Temyiz aşamasında, davacı vekili tarafından dosyaya ibraz olunan 25.01.2012, davalı vekili tarafından sunulan, 27.02.2012 günlü dilekçelerden, dava konusu kiralananın hükmün kesinleşmesinden önce, 15.08.2011 tarihinde dava dışı üçüncü kişi Muhittin Balkaş’a satıldığı, bilahare de yeni malikin talebi ile kiralananın davalı tarafça tahliye edildiği anlaşılmaktadır.
… Davacıların dava konusu kiralananı, yargılama aşamasında satışa sunmaları ve dava neticesinde kiracı içinde iken üçüncü kişiye satmaları sebebiyle, davaya konu konut ihtiyaçlarının gerçek, samimi ve zorunlu olmadığının kabulü gerekir.
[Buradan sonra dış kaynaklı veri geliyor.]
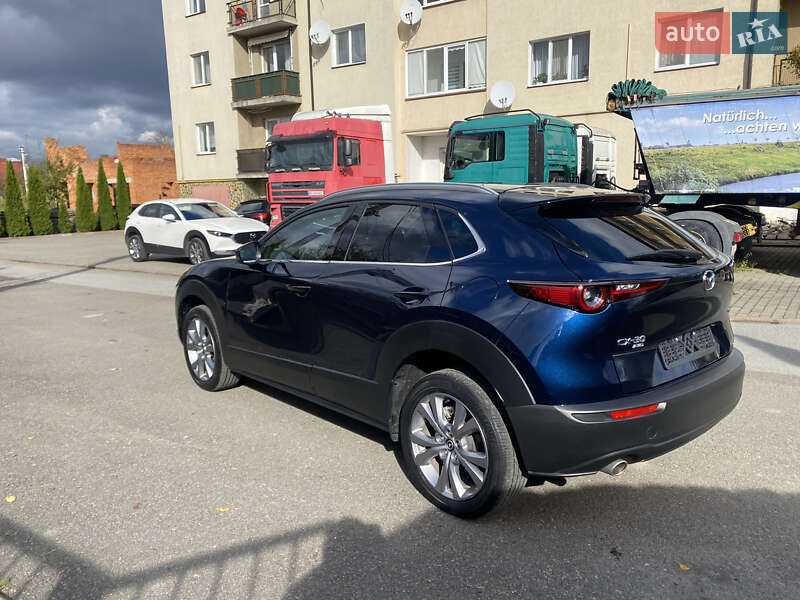 Внедорожник / Кроссовер Mazda CX-30 2023 в Самборе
Bu durumda mahkemece, tahliyenin konusu kalmadığından bu konuda karar verilmesine yer olmadığına karar verilmesi için hükmün bozulması gerekmiştir. Hüküm bu nedenlerle bozulmalıdır.”
- Hukuk Dairesi – 2014/8931 E. , 2014/10381 K.
“6098 sayılı Türk Borçlar Kanununun 351.maddesine göre kiraya veren davacı altsoyu olan kızı için işyeri gereksinimi sebebiyle davalı kiracının tahliyesini istiyebilir. Davacının ihtiyaçlı kızının ev hanımı olup herhangi bir işinin bulunmadığı, kiralananın restaurant olarak çalıştırılmak istendiği tanık anlatımları ile ispatlanmıştır. Asıl ihtiyaçlı davacının kızı olup, damadın eşine yardımcı olacağı iddia edilmektedir. Ayrıca dinlenen davalı tanıkları ihtiyacın samimi ve gerçek olmadığına ilişkin görgü ve bilgiye dayalı beyanda bulunamamışlar, hatta davalı tanığı, davacının bir kaç kere işyerine geldiğini ve restaurant açacağını söylediğini beyan etmiştir.
Bu durumda toplanan tüm deliller doğrultusunda davacının kızının ihtiyaç iddiasının samimi, gerçek ve zorunlu olduğunun kabulü gerekir. Davalının, kiralananın yapılacak işe uygun ve elverişli olmadığı savunması üzerine mahallinde iki defa keşif yapılmış ve bilirkişilerce düzenlenen her iki rapor içeriğinden de bodrum ve zemin katta bulunan kuaför ve güzellik salonu olarak dizayn edilmiş, kuaför dükkanı olarak kullanılan kiralananın toplam 73.50 m2 yüzölçümünde olduğu, restaurant olarak işletilme açısından küçük ve dar bir alana sahip olduğu, mevcut haliyle fastfood, döner ve evlere paket servis yapan sistem şeklinde işletilebileceği, belediyeden izin alındığı takdirde dükkanların önündeki açık alanın dahi
kullanılabileceği belirlendiğinden, kiralananın küçük kapsamlıda olsa yapılacak işe uygun ve elverişli olduğunun da kabulü gerekir. Bu durumda mahkemece, kiralananın tahliyesine karar verilmesi gerekirken yazılı gerekçe ile davanın reddi doğru değildir.”
- Yeni Malikin Tahliyeden Sonra Taşınmazı Başka Birine Kiralaması;
Yeni malik kiracıyı ihtiyaç nedeni ile tahliye ettirdikten sonra haklı sebep olmaksızın, kiralananı 3 yıl geçmedikçe eski kiracısından başka bir kişiye kiralayamaz. Yeni malikin ilgili emredici kurala aykırı davranması durumunda eski kiracısına son kira yılında ödenmiş olan bir yıllık kira bedelinden az olmamak üzere tazminat ödemek durumunda kalacaktır.
- Görevli ve Yetkili Mahkeme;
Yeni malikin ihtiyacı nedeniyle açılacak tahliye davasında görevli mahkeme sulh hukuk mahkemeleridir. Yetkili mahkemeler ise taşınmazın bulunduğu yer mahkemesi, davalının yerleşim yeri mahkemesi veya sözleşmenin ifa edileceği yer mahkemesidir. Yeni malik ilgili yetkili mahkemelerden istediğinde davayı açabilecektir.